You are viewing a plain text version of this content. The canonical link for it is here.

Posted to common-user@hadoop.apache.org by CubicDesign <cu...@gmail.com> on 2009/09/14 23:03:55 UTC

HadoopDB and similar stuff

Hi.

Anybody has experience a DB that can handle large amounts of data on top 
of Hadoop?
HBase and Hive is nice but they also lack of some features. HadoopDB 
seems to bring some equilibrium. However, it seems to be still an infant 
project.

Any thoughts?

Re: HadoopDB and similar stuff

Posted by Ted Dunning <te...@gmail.com>.

Great description.

On Tue, Sep 15, 2009 at 12:01 PM, Edward Capriolo <ed...@gmail.com>wrote:

>
> I often describe Hive query language in this way:
>
> "If you know SQL I can teach you Hive-QL rather quickly."




-- 
Ted Dunning, CTO
DeepDyve

Re: HadoopDB and similar stuff

Posted by Edward Capriolo <ed...@gmail.com>.

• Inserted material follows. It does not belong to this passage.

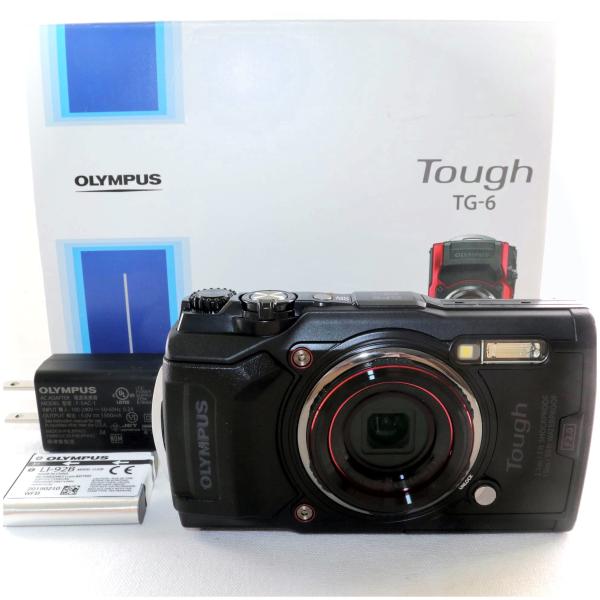 ショット数155回のみ》 OLYMPUS Tough TG-6 ブラック コンパクトカメラ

On Tue, Sep 15, 2009 at 12:23 PM, Ted Dunning <te...@gmail.com> wrote:
> I don't need to be amazed.  I am a strong proponent of map-reduce.  People
> forget, but I bought the beer at the first Hadoop summit at Gordon Biersch.
>
> I just don't think that selling Hive or Pig as SQL is fair to the buyer or
> the seller.  They aren't the same and have very different virtues.
>
> On Tue, Sep 15, 2009 at 8:34 AM, Edward Capriolo <ed...@gmail.com>wrote:
>
>> Hive is not 100% SQL, but I would say join the Hive user list and be
>> amazed. New types of joins, theta-join, etc have been added by user
>> request. Most of the time if you can't do something you would expect
>> to do in SQL there is a work around.
>>
>> The flip side is true as well, Hive has specific support that other
>> databases don't :)
>>
>
>
>
> --
> Ted Dunning, CTO
> DeepDyve
>

Ted,

I meant that I am more amazed by it, not that you should be amazed by
it :) There have been several tickets opened up like "Let Hive do
theta Join" and then sometimes, with in days, hive trunk supports it.
That is pretty impressive to me.

As for
>>I just don't think that selling Hive or Pig as SQL is fair to the buyer or
>>the seller.  They aren't the same and have very different virtues.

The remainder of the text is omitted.